I used the wrong phrase when I said the comparison wasn't worthwhile. I should have said it is not fair to compare hardware based time shifting to online streaming based time shifting. I was replying to:


jzinckgra said:


> No one-button click commercial skip, unlike Tivo is a bit of a downer. Also, can't seem to rewind a show in progress any farther back then where you pick up with it, unlike Tivo which you can go back 30min."


 To expect a cloud DVR to act like a hardware solution is too much to expect, although it is possible it could be equivalent in the future.

As you will note, I DID find that YTTV is an acceptable replacement (even with the conditions you mention, that you do not have access to OTA). In your case, I think YTTV is a great alternative. But, in the event you DO have OTA accessibility, it makes the decision a little tougher because, just like cable TV, I have to pay for locals when I do not need them.

Anyway, I also think the discussion is valuable, AAMOF, if I had not read the discussion here, I might not have looked into it. I did a very thorough comparison of all of the services and the two services that satisfied my needs best are YTTV and FUBO. But, both of these services have way more filler stations I will never use. That is the SAME problem I have with cable TV.

EDIT: Although, by using YTTV, I'm saving $40/month over cable TV which is huge!


----------



## NightmarePatrol

So here's some pros and cons in comparing TiVo to YTTV, even though it's not even close to the proverbial apples-to-apples comparison. We outfitted our TV's with Roku Premiere sticks for the record.

Pros:

No space restrictions
No PQ issues even when viewing 4K video
Access to lots of free programming though how interesting is really is would be a YMMV situation.
We have the option to start any live program from the beginning or join in progress. The TiVo would give you something like this IF one of the tuners was already on the channel
You can order your channels to put your favorites at the top (or bottom if you want) or even hide channels from the guide
If you forgot to set something up you can always watch it (but with commercials)
Cons:

Not a lot of detailed information in the guide
The recording options are rather a PITA. You can record an entire series, but not set up anything that resembles a season pass.
The interface on the Roku and YTTV takes some getting used to 
No History channel - We like the History channel and now I have to get the shows we watch via nefarious means. A&E is okay, but we can live without the rest. 
Recordings are only kept for 9 months. To be fair if you haven't watched it in 9 months you probably won't.
I will leave the discovery remainder of the intricacies up to my wife to discover as I'm just the infrastructure guy around the house ans she manages all the shows, etc. The final step of our ISP upgrade happened this morning and we have gone from 100/100 to 500/500 so we should not have much in the line of pixelization.
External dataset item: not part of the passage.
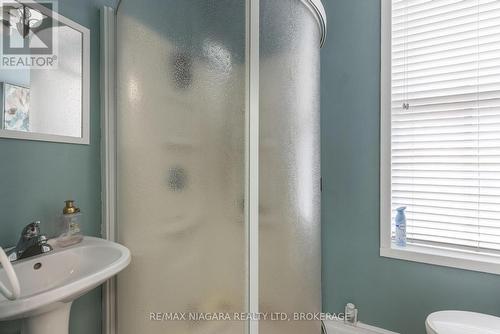 147 Geneva Street, St. Catharines (Downtown), ON - Indoor Photo Showing Bathroom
I can't say if we are going to like it long term or not. Streaming has finally gotten it's legs and has a very long way to go. If TiVo had an offering that would "streamline the streaming process" and give is back to the TiVo functionality I'd be willing to give it a show (or beta test it for them) For now though, it appears that we have cut the cord and not suffered anything we can't live without.

I guess I'm going to have a bolt, a mini and qwerty remote to sell soon too.


----------



## trip1eX

NightmarePatrol said:


> So here's some pros and cons in comparing TiVo to YTTV, even though it's not even close to the proverbial apples-to-apples comparison. We outfitted our TV's with Roku Premiere sticks for the record.
> 
> Pros:
> 
> No space restrictions
> No PQ issues even when viewing 4K video
> Access to lots of free programming though how interesting is really is would be a YMMV situation.
> We have the option to start any live program from the beginning or join in progress. The TiVo would give you something like this IF one of the tuners was already on the channel
> You can order your channels to put your favorites at the top (or bottom if you want) or even hide channels from the guide
> If you forgot to set something up you can always watch it (but with commercials)
> Cons:
> 
> Not a lot of detailed information in the guide
> The recording options are rather a PITA. You can record an entire series, but not set up anything that resembles a season pass.
> The interface on the Roku and YTTV takes some getting used to
> No History channel - We like the History channel and now I have to get the shows we watch via nefarious means. A&E is okay, but we can live without the rest.
> Recordings are only kept for 9 months. To be fair if you haven't watched it in 9 months you probably won't.
> I will leave the discovery remainder of the intricacies up to my wife to discover as I'm just the infrastructure guy around the house ans she manages all the shows, etc. The final step of our ISP upgrade happened this morning and we have gone from 100/100 to 500/500 so we should not have much in the line of pixelization.
> 
> I can't say if we are going to like it long term or not. Streaming has finally gotten it's legs and has a very long way to go. If TiVo had an offering that would "streamline the streaming process" and give is back to the TiVo functionality I'd be willing to give it a show (or beta test it for them) For now though, it appears that we have cut the cord and not suffered anything we can't live without.
> 
> I guess I'm going to have a bolt, a mini and qwerty remote to sell soon too.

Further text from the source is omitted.